The input -
[Start of section]

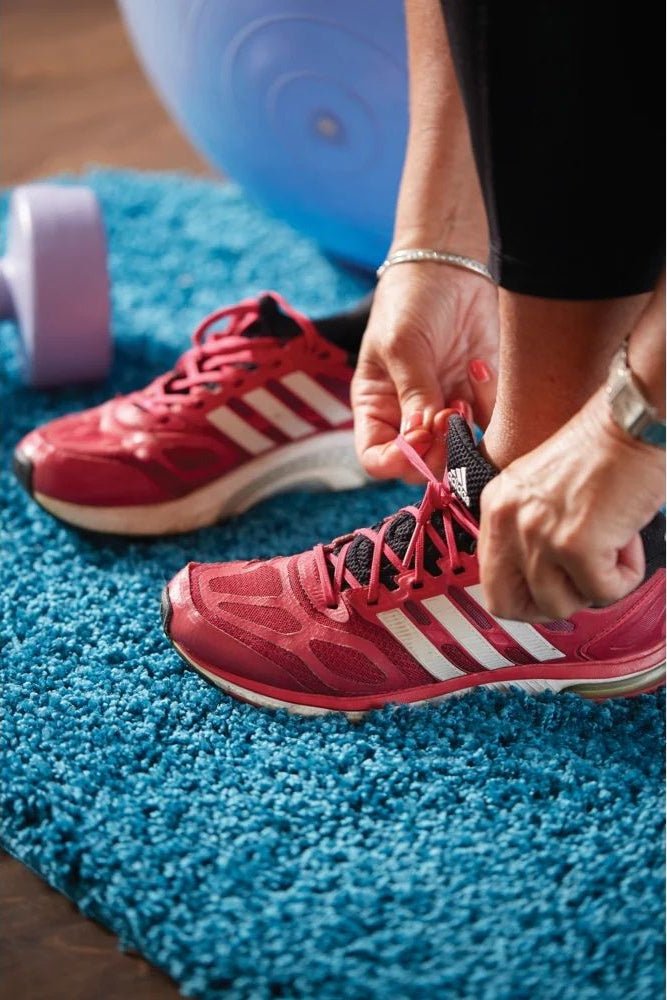 Washable Teal Shaggy Rug - Bargainia.com - 5026134546233 - MYRUGX_TEALXX_100xCIR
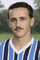 Edmundo Guimarães Junior.png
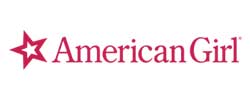 American Girl Coupons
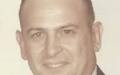Gerald Sliger Obituary (1934 - 2022) - Duncanville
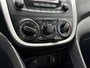 Suzuki Celerio 1.0 Comfort Parkeersensoren Achter | Airco | Bluetooth | Elektrische Ramen | Centrale Vergrendeling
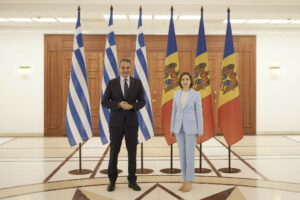ΜΗΤΣΟΤΑΚΗΣ
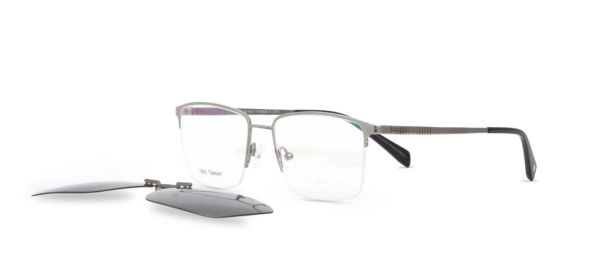 Оправа BLANCIA 502 (C2)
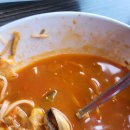 짬뽕지존 이미지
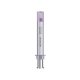 Skeyndor Corrective Expression Lines Lip Filler Contour 10ml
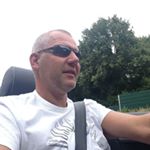 Profile Picture of Mike Frederick (@frederick_m11) on Instagram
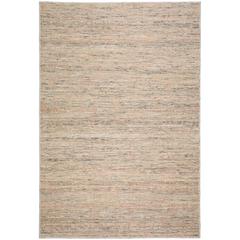 Sahara SA1 Beige 5' x 7'6" Rug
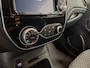 Renault Captur 1.2 TCe Intens I Automaat I Camera I Dodehoek I Luxe I Trekhaak I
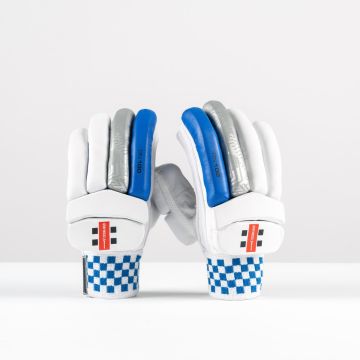Gray Nicolls GN100 Junior Batting Gloves (2026)
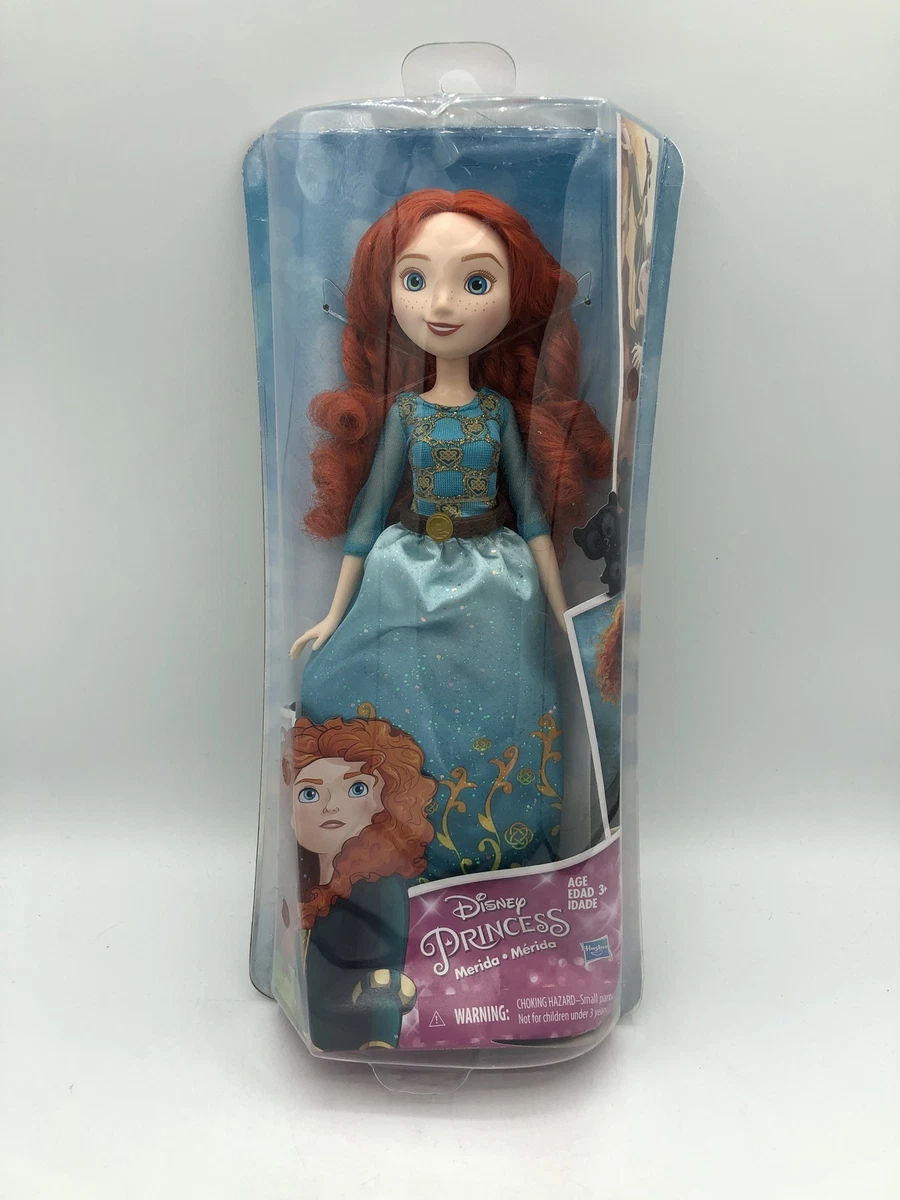 Merida ebay clearance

[End of section]

The copy runs from the line containing "Renault Captur 1.2" through the last line of the material, both ends included. Reproduce those lines exactly and drop the pictures.

 Renault Captur 1.2 TCe Intens I Automaat I Camera I Dodehoek I Luxe I Trekhaak I
Gray Nicolls GN100 Junior Batting Gloves (2026)
 Merida ebay clearance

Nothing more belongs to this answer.